How does this work for i225/i226, if 2 queues are configured for the
same dequeue priority? Do the taprio gates still take effect per queue?

> That's a good point (your understanding of the flow is similar to mine).
> This seems a good idea. But we may have to wait for a bit until we have
> a LLDP implementation that supports this.

This is circular; we have a downstream patch to openlldp that adds
support for this TLV, but it can't go anywhere until there is mainline
kernel support.

What about splitting out MAC merge support from FP support, and me
concentrating on the MAC merge layer for now? They're independent up to
a pretty high level. The MAC merge layer is supposed to be controlled by
the LLDP daemon and be pretty much plug-and-play, while the FP adminStatus
is supposed to be set by some high level administrator, like a NETCONF
client.

We can argue some more about how to best expose the FP adminStatus.
Right now, I'm thinking that for all intents and purposes, the
adminStatus really only makes practical sense when we have at least 2
traffic classes: one onto which we can map the preemptable priorities,
and one onto which we can map the express ones. In turn, it means that
the 'priorities collapsing into the same traffic class' problem that we
have when we delete the taprio/mqprio qdisc can be solved if we put the
FP adminStatus into the same netlink interface that also configures the
prio:tc map and the number of traffic classes (i.e. yes, in tc).
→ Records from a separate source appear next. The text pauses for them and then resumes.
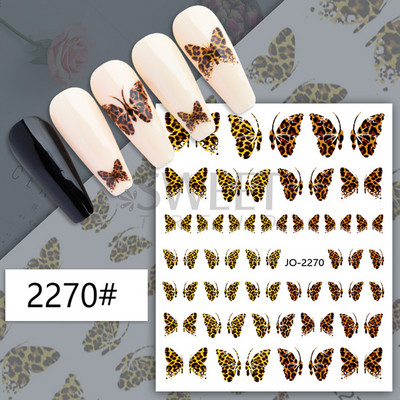 3D Leopard Prints French Tips Αυτοκόλλητα για μανικιούρ Άγρια Ζώα Καρδιά Πεταλούδα Anime Sliders Διακόσμηση Πρωτοχρονιάς Αξεσουάρ SAJO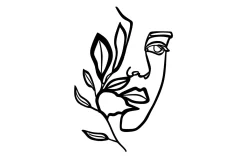 Woman Face Behind The Branch Veggdekor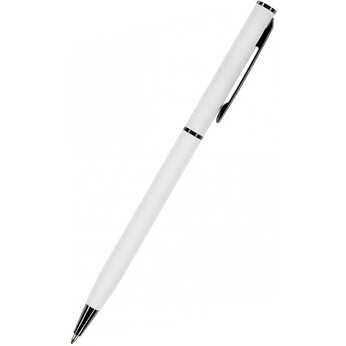 Ручка шариковая автоматическая BrunoVisconti, 0.7 мм, синяя PALERMO (белый металлический корпус)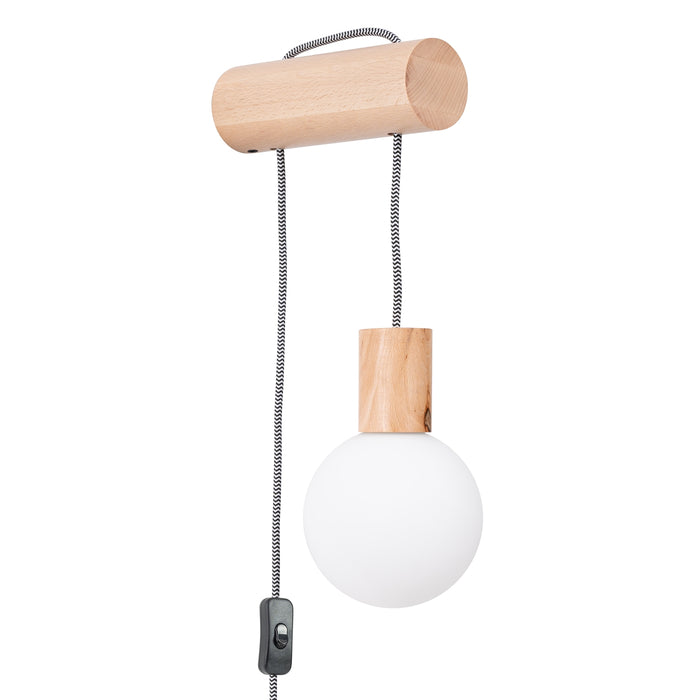 SOLLUX SL.1645 Lámpara de pared NIBMI G9 con interruptor madera natural/blanco/negro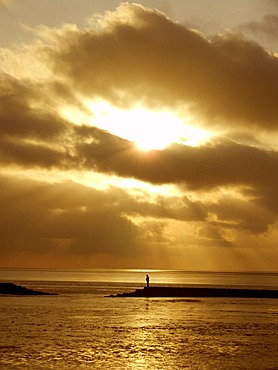 Sunset, Northern Sea, Eastern Friesland, Lower Saxony, Germany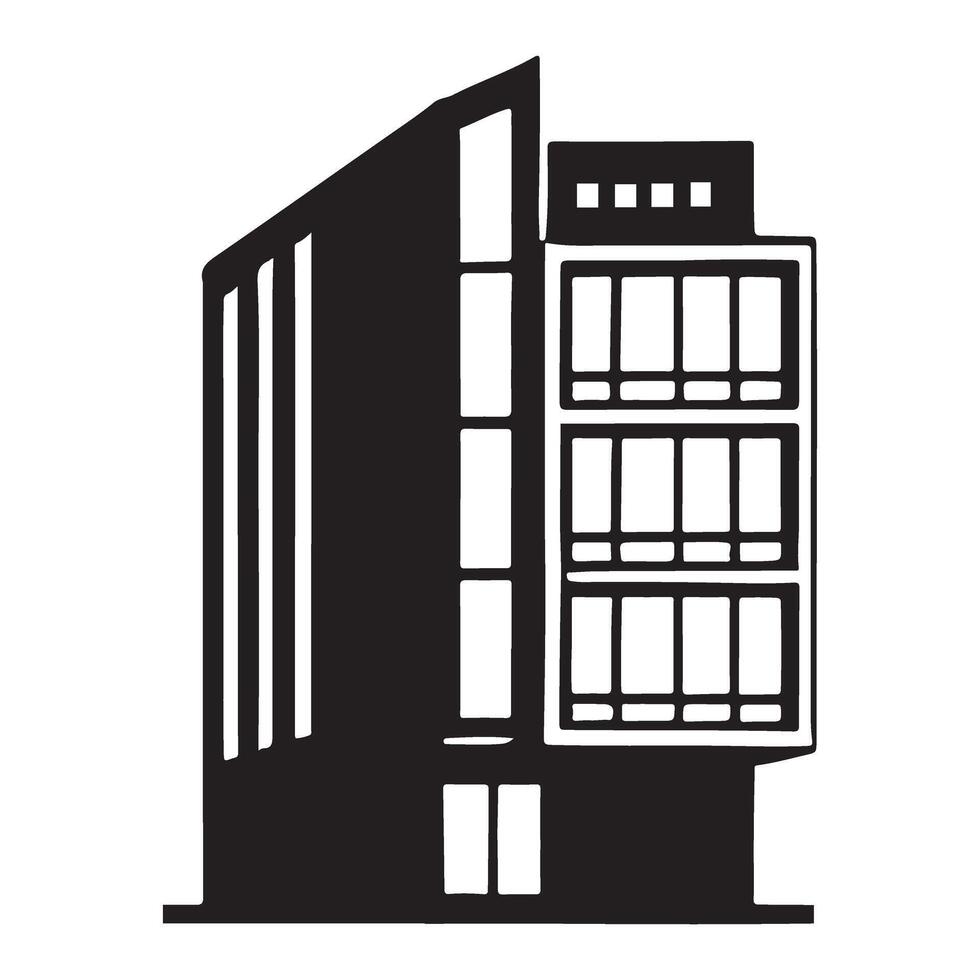 Modern Office Building Silhouette Art vector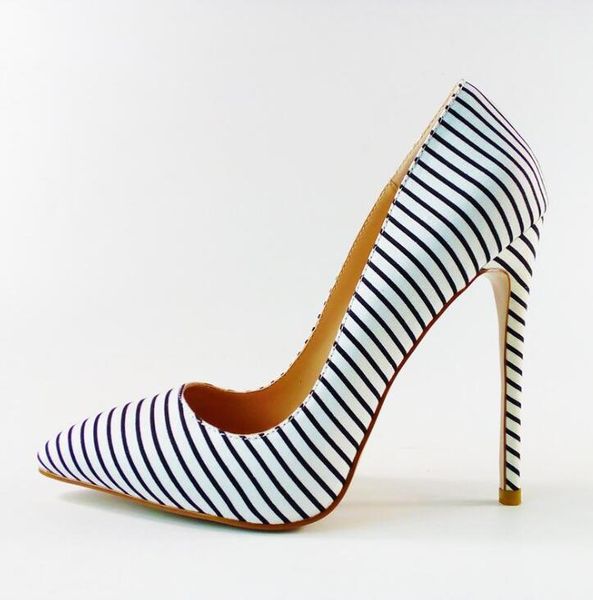 

2020 igh-heeled stripe sharp shoes super code single women pumps latest fashion shoe, Black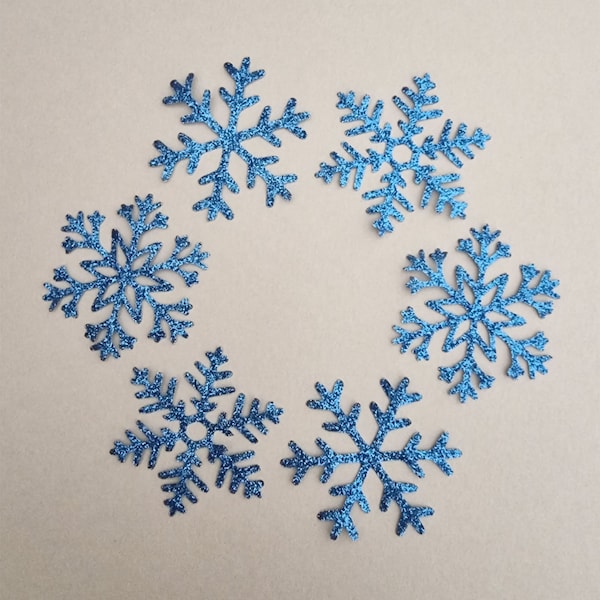 MID BLUE ice frozen glitter snowflake fabric iron on tshirt transfer patch 2 inch vinyl hotfix htv applique patch decal christmas stocking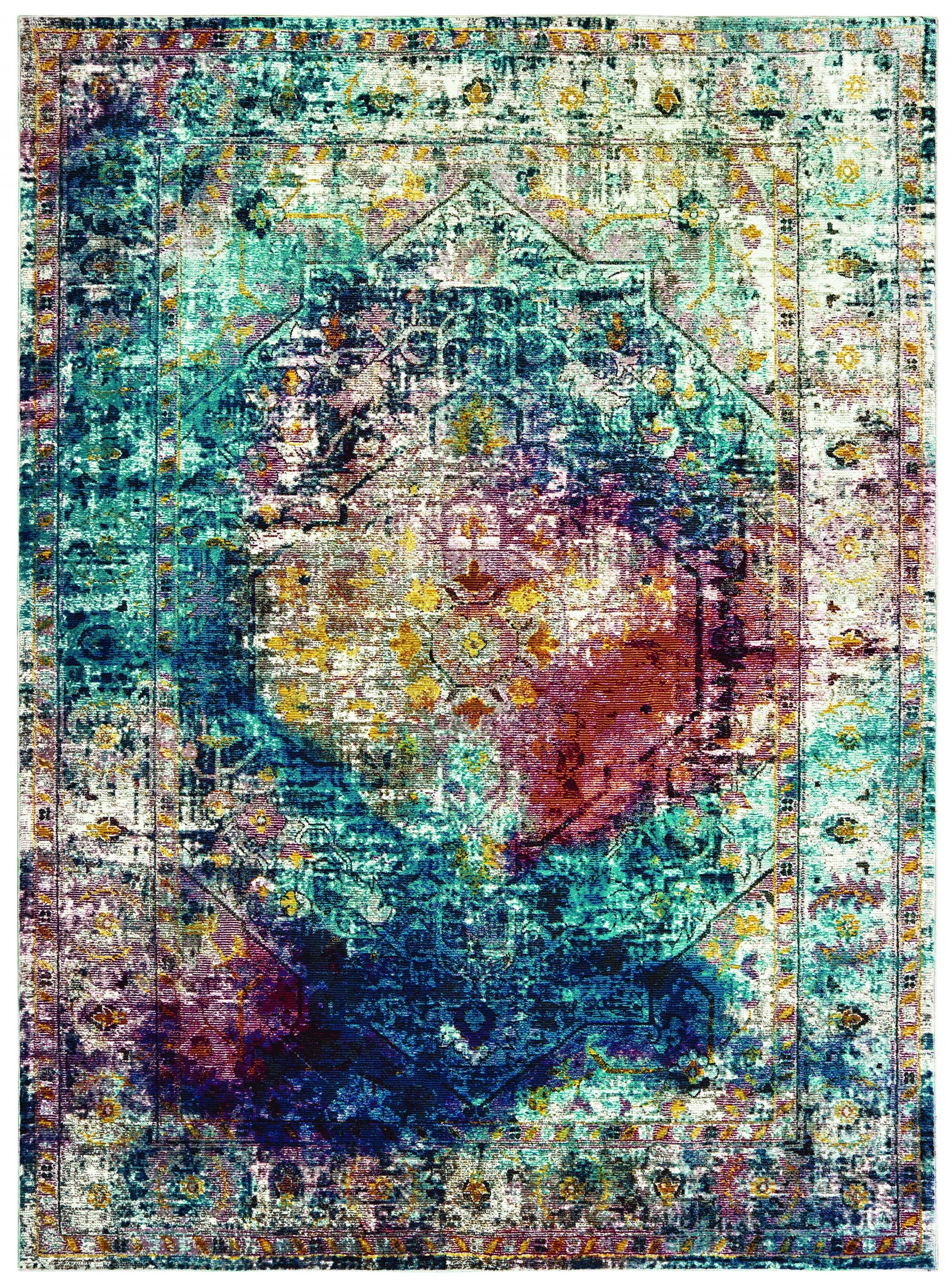 63" x 86" Aqua Olefin Area Rug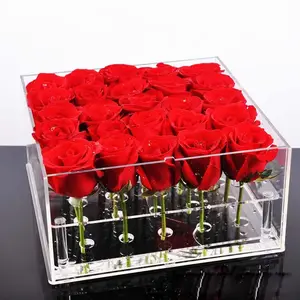 6x6 inç akrilik taze çiçek hediye kutusu büyük gül 25 delik çiçek konteyner temizle Lucite düğün hediye kutuları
I'll let someone more knowledgeable of our sysrepo-tsn implementation of
a NETCONF server (like Xiaoliang, maybe even Rui or Richie?)
https://github.com/real-time-edge-sw/real-time-edge-sysrepo
comment on whether this would create any undesirable side effect.
The implication is that user space, when asked to change the adminStatus,
will have to figure out whether we are using a taprio, or an mqprio
qdisc, and create different netlink attributes to talk to the kernel to
request that configuration. User space will also have to send an error
towards the NETCONF client if no such qdisc exists (meaning that the
user wants to combine priorities of different express/preemptable values
in the same traffic class, TC0). The qdiscs will also centrally validate
whether such invalid mixed configurations are requested.

I'm mostly OK with this: an UAPI where FP adminStatus is per priority,
but it gets translated into per-tc by the qdisc, and passed to the
driver through ndo_setup_tc(). I am certainly still very much against
the "preemptable queue mask" that you proposed, and IMO you'll have to
do something and clarify what a traffic class even means for Intel
hardware, especially in relationship to multiple queues per tc
(mqprio queues 2@1).

Anyone else who has an opinion of any sort, please feel free.